▸ **Task prompt**
Copy the data that follows, character for character, minus the pictures.

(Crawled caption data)

####

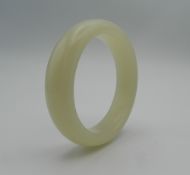 A white jade bangle. 8 cm diameter.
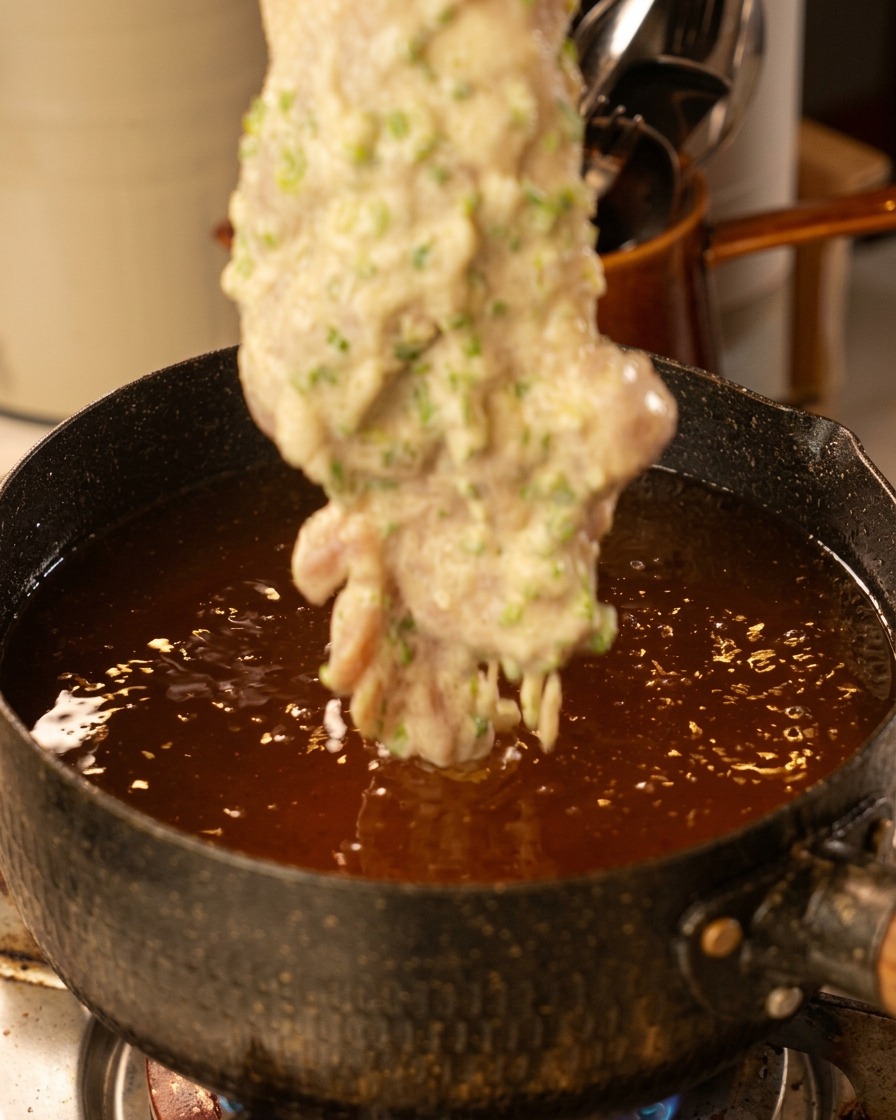 Lowering a battered chicken thigh into a pot of bubbling hot, dark oil.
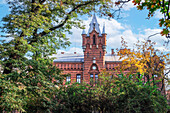 Low angle of traditional building of Municipal Headquarters of the State Fire Service surrounded by trees, Krakow, Poland, Europe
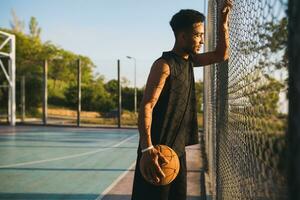 negro hombre haciendo Deportes, jugando baloncesto en amanecer, activo estilo de vida, soleado verano Mañana foto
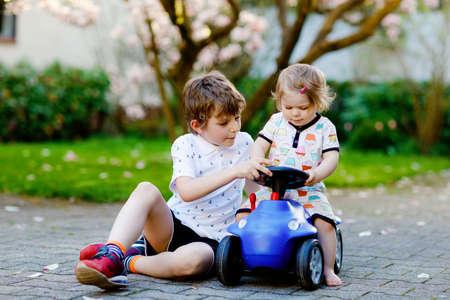 Cute little baby girl and school kid boy playing with blue small toy car in garden of home or nursery. Toddler sister and brother children having fun together.の写真素材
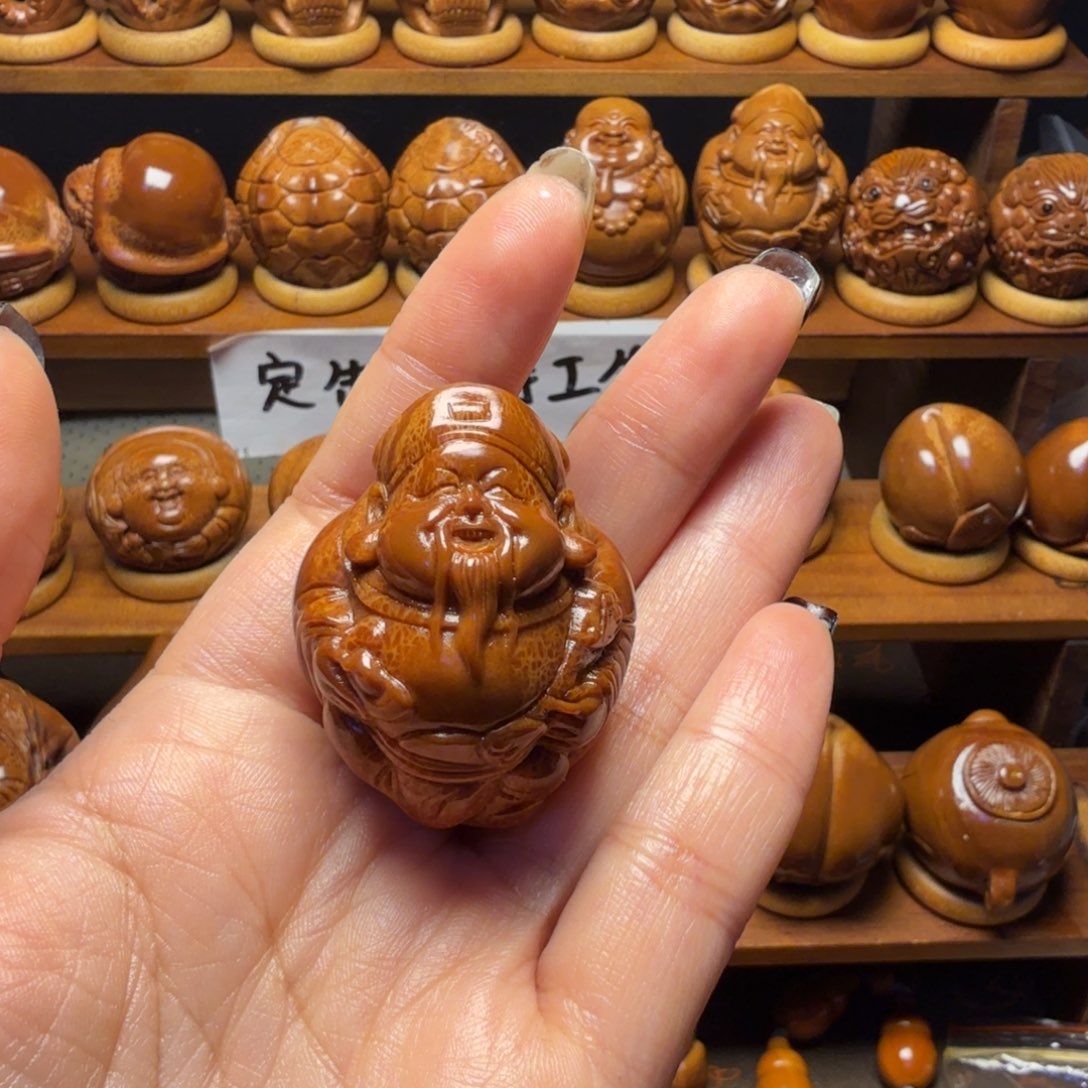 ：****把件橄榄核财神单颗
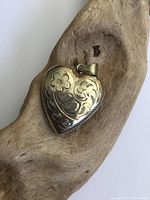 Front view of the heart-shaped sterling silver locket showing etched floral and swirl pattern.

####

▸ **Written solution**
 A white jade bangle. 8 cm diameter.
 Lowering a battered chicken thigh into a pot of bubbling hot, dark oil.
 Low angle of traditional building of Municipal Headquarters of the State Fire Service surrounded by trees, Krakow, Poland, Europe
 negro hombre haciendo Deportes, jugando baloncesto en amanecer, activo estilo de vida, soleado verano Mañana foto
 Cute little baby girl and school kid boy playing with blue small toy car in garden of home or nursery. Toddler sister and brother children having fun together.の写真素材
 ：****把件橄榄核财神单颗
 Front view of the heart-shaped sterling silver locket showing etched floral and swirl pattern.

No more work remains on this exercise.